At some point I started to think of what it would be like to be you, to be outside in a storm, wearing a soaking wet great coat. So it’s good to know that you're sheltered here by platorm1. I'm struck as well by how few people pay you any mind. Maybe that’s about to change because the war is coming into view again like a planet completing its hundred-year orbit round the sun. The present and the past – this bit of the past – are about to come into a four-year alignment. But the time when you and I were closest has passed. That was nearly 24 years ago. I was living in France, in Paris to be exact, waiting for news (of a book I'd published and another I'd finished, but trust me, that can be as agonising as waiting on news of the beloved).
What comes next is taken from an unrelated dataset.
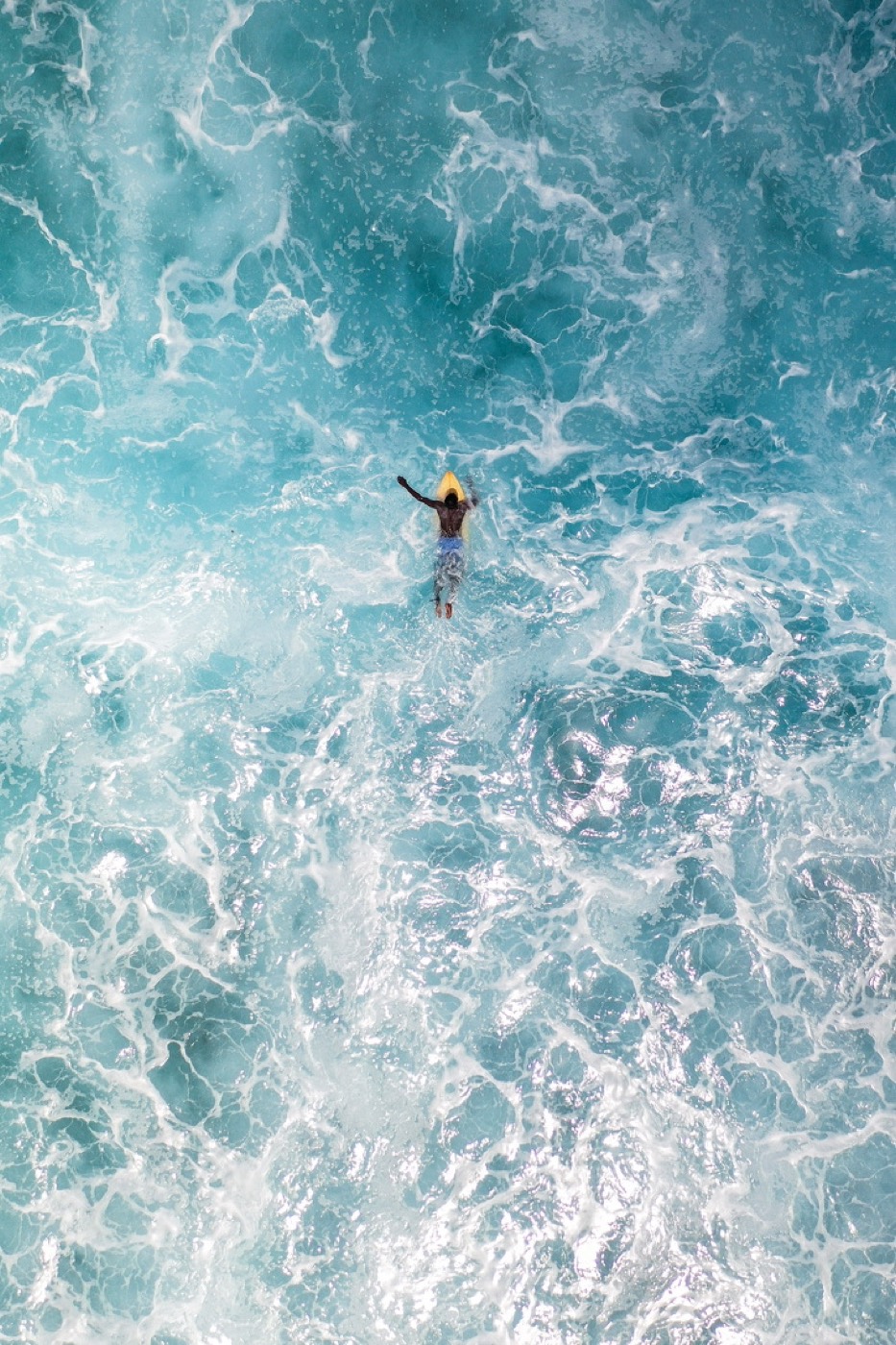 An aerial view of a surfer paddling out through white water over a turquoise reef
It was also, I realise now, the year of my most intense feelings about sculpture, specifically the statues in Tuileries. But then, as a result of being in France, I ended up becoming very interested in the War and the way it was remembered and all the sculptures that were such an important part of that remembering. That’s when I remembered that I'd known you for as long as I could remember.
You stand as a memorial to a mistake. So in a way what you're reading is more than a letter. You're reading the lessons of history. One of which is that, faced with the same situation, people would go for it all over again with exactly the same fervour. Because who could pass up the chance of making everything that had gone before seem like a prelude? A prelude to what? First exuberance and enthusiasm, then horror, then understanding. If the price was high that only emphasized the value of the lesson learned: that this was the war to end all wars. So that was great – for about two minutes. Then – oh shit, the war to end all wars turned into the peace to end all peace, and the end of one war actually contained the seeds of another even bigger one. So although we had learned the lesson there was another lesson to be learned which was that the lesson had not been properly learned – and history, if it teaches us anything, teaches that we will never stop learning. So that’s why you're still here, still reading after all these years, still poring over that piece of carved paper.
Anyway, to revert to the personal (which, as you know only too well, is just the universal in a particular context) what I'm saying is what all letters say: keep safe, stay warm and please understand if you don’t hear from me again.